Depuis toutes ces années où j'ai pris cette autre identité (plus de vingt ans maintenant, dis donc...), j'entends souvent le même reproche : pourquoi ne pas avoir mis de "e" en première lettre ?

Tout simplement parce que je trouvais ça que bien avant l'idée de simplifier tous les mots en langage SMS, j'aimais l'idée d'avoir enlevé le superflu, et que quatre lettres, c'était largement suffisant pour savoir qui j'étais.

Preuve que non.

Enfin voilà, pendant mon trajet de retour ce samedi soir, je me demandais une fois de plus si c'était à moi de m'adapter en ajoutant enfin ce "e" que je considère comme muet à mon "autre nom" (et donc de me prendre la tête pour récupérer les noms de domaines et autres usernames correspondants sur internet), ou si je devais encore faire preuve de pédagogie.

Et me voilà en train de me jouer mentalement avec ce "e muet".

"e".
"muet".
"e... muet".
"e muet !".

Je me dis d'abord que ça serait un angle intéressant pour un nouveau site, genre "e-muet.spry.fr", dans lequel je pourrais jouer sur toutes ces petites choses que j'essaye de dire et que les autres n'entendent pas. L'occasion de dire, de gueuler tout ça, pour qu'une fois encore, personne ne puisse dire qu'il n'était pas au courant, qu'il ne pouvait pas savoir.

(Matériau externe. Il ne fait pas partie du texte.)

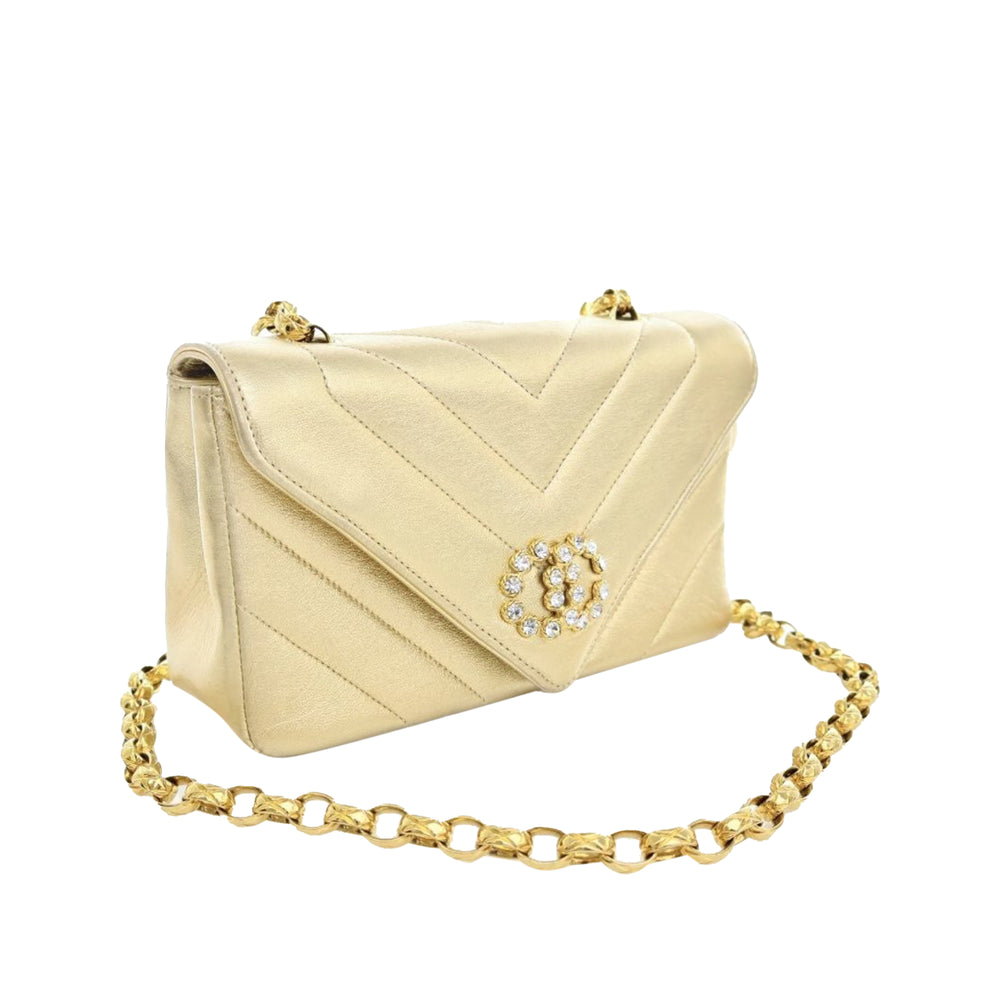 Small Chevron Metallic Lambskin V Stitch Bijoux Flap Gold - Gaby Paris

J'avais vraiment envie de le faire...
... mais aussi paradoxal que cela puisse être, parler de moi juste pour parler de moi, ça ne m'intéresse pas. Je préfère me livrer en me disant que ça peut surtout servir à d'autres pour se dire "je ne suis pas tout(e) seul(e), quelqu'un vit les mêmes choses que moi."

Et c'est un peu comme ça que "e muet" est devenu dans ma tête "Eux. Muets."

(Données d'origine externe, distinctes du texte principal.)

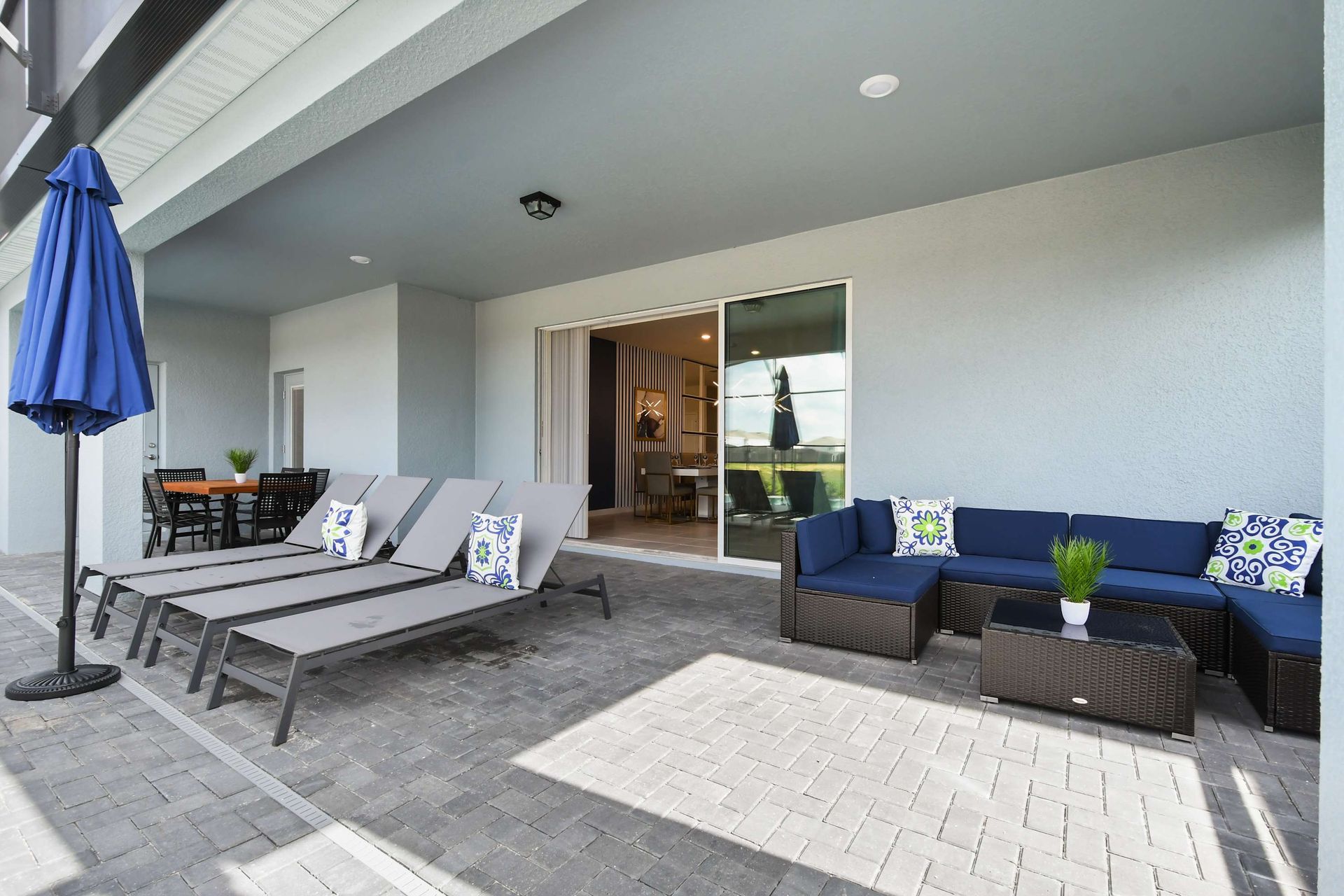 Spacious lanai with lounge chairs, outdoor sofa seating, and dining area by the pool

Et ça prenait beaucoup de sens.

Dans mon entourage, je ne compte plus le nombre de personnes qui ne sentent pas comprises. Les mêmes qui parlent avec toi, moi, et qui nous disent "Non, ce n'est pas ça" quand on leur dit ce que nous, on a compris de leur histoire.

Je me suis dit que ça aurait pu être intéressant d'aller voir tous ces ami(e)s, toute cette famille et leur dire "Dis moi ce qu'on ne comprend pas sur toi, je t'écoute, je ne t'interromps pas".
J'aurais sorti un dictaphone, j'aurais enregistré cette conversation, et je l'aurais retranscrite à l'écrit, avec leur accord.

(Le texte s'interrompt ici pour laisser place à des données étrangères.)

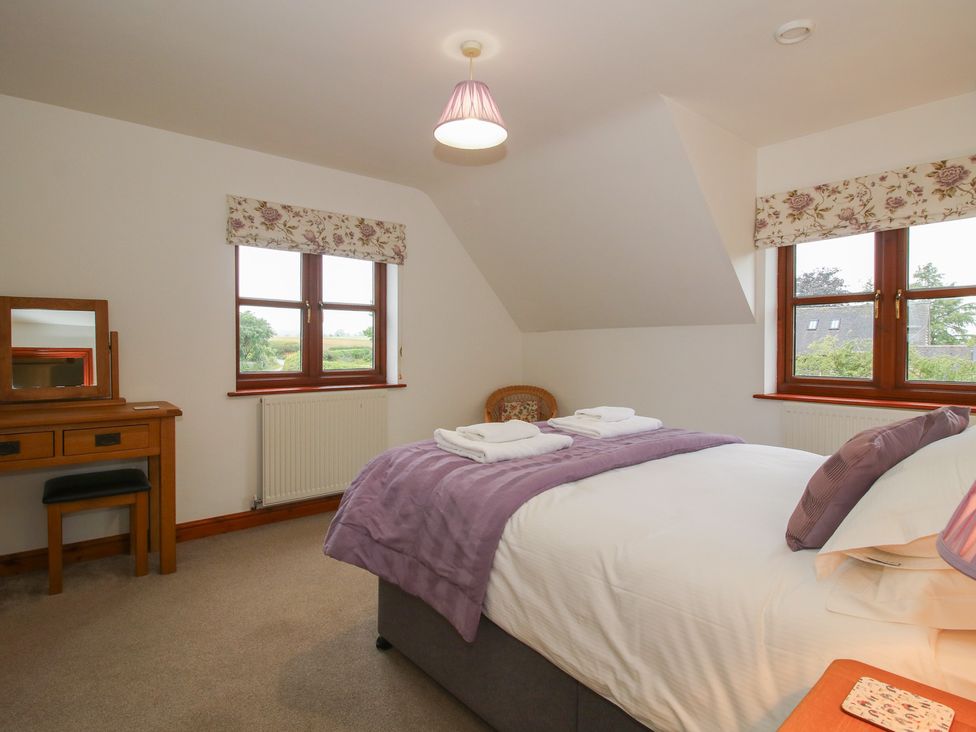 A bedroom with a bed and desk at Byne Brook Cottage in Strefford near Craven Arms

Bien évidemment, je me suis dit que sur "Le Blog Générique", je laissais justement la possibilité à tout le monde de s'exprimer clairement sur tous les sujets. Mais "Le Blog Générique" n'est plus. Et surtout, à l'époque, c'était anonyme.

Là, j'aurais été voir les gens.
Il y aurait eu une vraie interaction.
Et je pense que ça aurait utile pour la personne qui se livre, d'avoir ce sentiment d'avoir été entendu "cette fois-ci".

Ça aurait été vraiment cool de prendre environ deux mois pour faire ça.
Mais je n'ai pas "encore" le temps de le faire.

Au fond de moi, c'est à regret que je temporise cette idée-là. J'ai vraiment l'impression de dire à des personnes que j'aime que ma vie passe très clairement avant les leurs et que je me fous un peu de leur problème d'incompréhension. Ce qui justement l'inverse de ma façon d'être.

À vrai dire, je suis plutôt du genre à me jeter la tête la première dans l'intimité des autres, à m'en laisser vampiriser par leurs problèmes pour me rendre compte que les miens sont minimes.

Mais pas cette fois.
Et ça m'emmerde.

Donc c'est pour ça que j'écris tout ça.

Si moi, je n'ai pas le temps aujourd'hui de me lancer dans un "Eux. Muets.", peut-être que quelqu'un d'autre peut le faire à ma place. Avec un autre nom, une autre forme, je m'en contrefous. J'ai juste envie de me dire que quelque part, j'aurais peut-être incité une personne à écouter un tout petit peu plus les autres, pour raconter ces histoires qui feront dire à d'autres encore "je ne suis pas tout(e) seul(e), quelqu'un vit les mêmes choses que moi."

Chiche ?

Et si ce n'est pas le cas, j'ai envie de dire aux personnes concernées "Attends encore un peu, j'arrive."